Andy Murray clung on to beat Fernando Verdasco in the quarter finals - but the Spaniard made him work for it (Image | Reuters)

Andy Murray clung on to beat Fernando Verdasco in the quarter finals – but the Spaniard made him work for it (Image | Reuters)

Having not lost a set in Wimbledon 2013, Andy Murray would have felt confident coming up against a 29-year-old with a far from notable recent record. Fernando Verdasco gave the Scotsman the fright of his life on Centre Court this afternoon, but Murray continues to advance one step at a time towards that inevitable Final against Novak Djokovic.

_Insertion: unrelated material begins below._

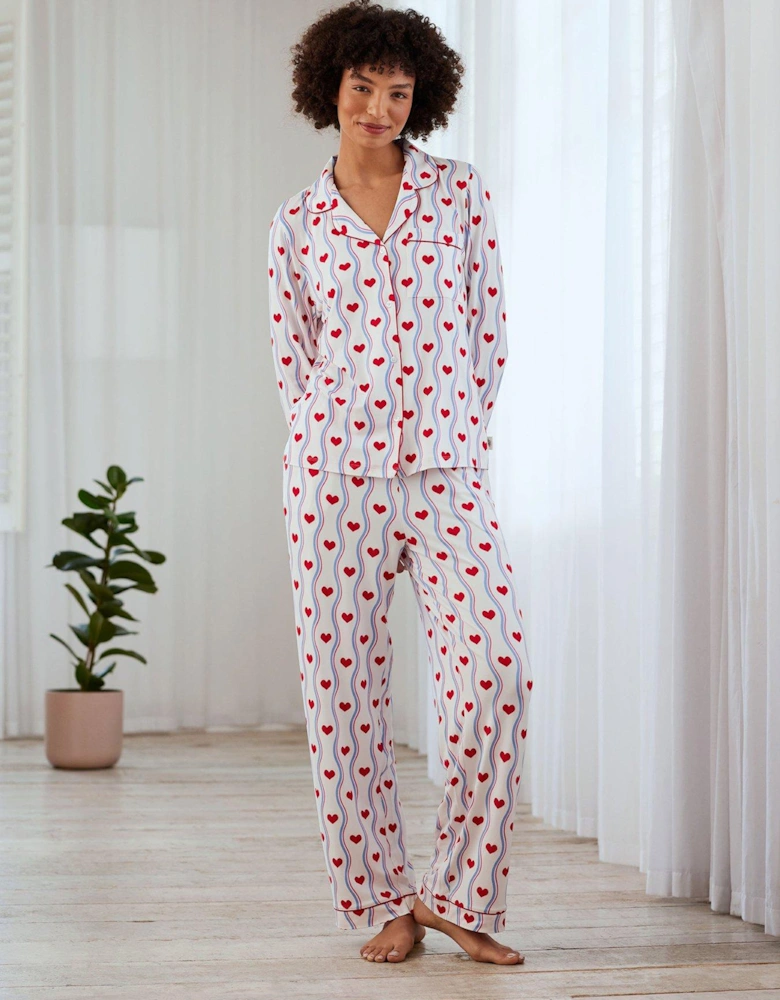 Heart Wave Stripe Button Up Long Pyjama Set - White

Murray, who has been so successful in attacking his opponents and controlling matches over the past ten days, was made to run, dive and stretch every sinew as Verdasco’s big-hitting play steered him around the court. In the first two sets in particular, and for large parts of the deciding fifth, Murray seemed only to be focusing on getting Verdasco’s shots back, rather than trying to control the point.

The barrage seemed never-ending. Even at his most dominant, in the third set, Murray was swatting away one bullet after another from the piston-like Verdasco forehand – and if that wasn’t bad enough, the Spaniard’s two-handed swirling, dipping backhand was almost as fast.

For Verdasco, now 29 and having slipped to 54 in the world during a torrid start to 2013, this Wimbledon run will already have served as redemption. It is proof that the former world number seven and 2009 Australian Open semi-finalist can still perform at the highest level, against the highest standard of opponent, with poise and composure.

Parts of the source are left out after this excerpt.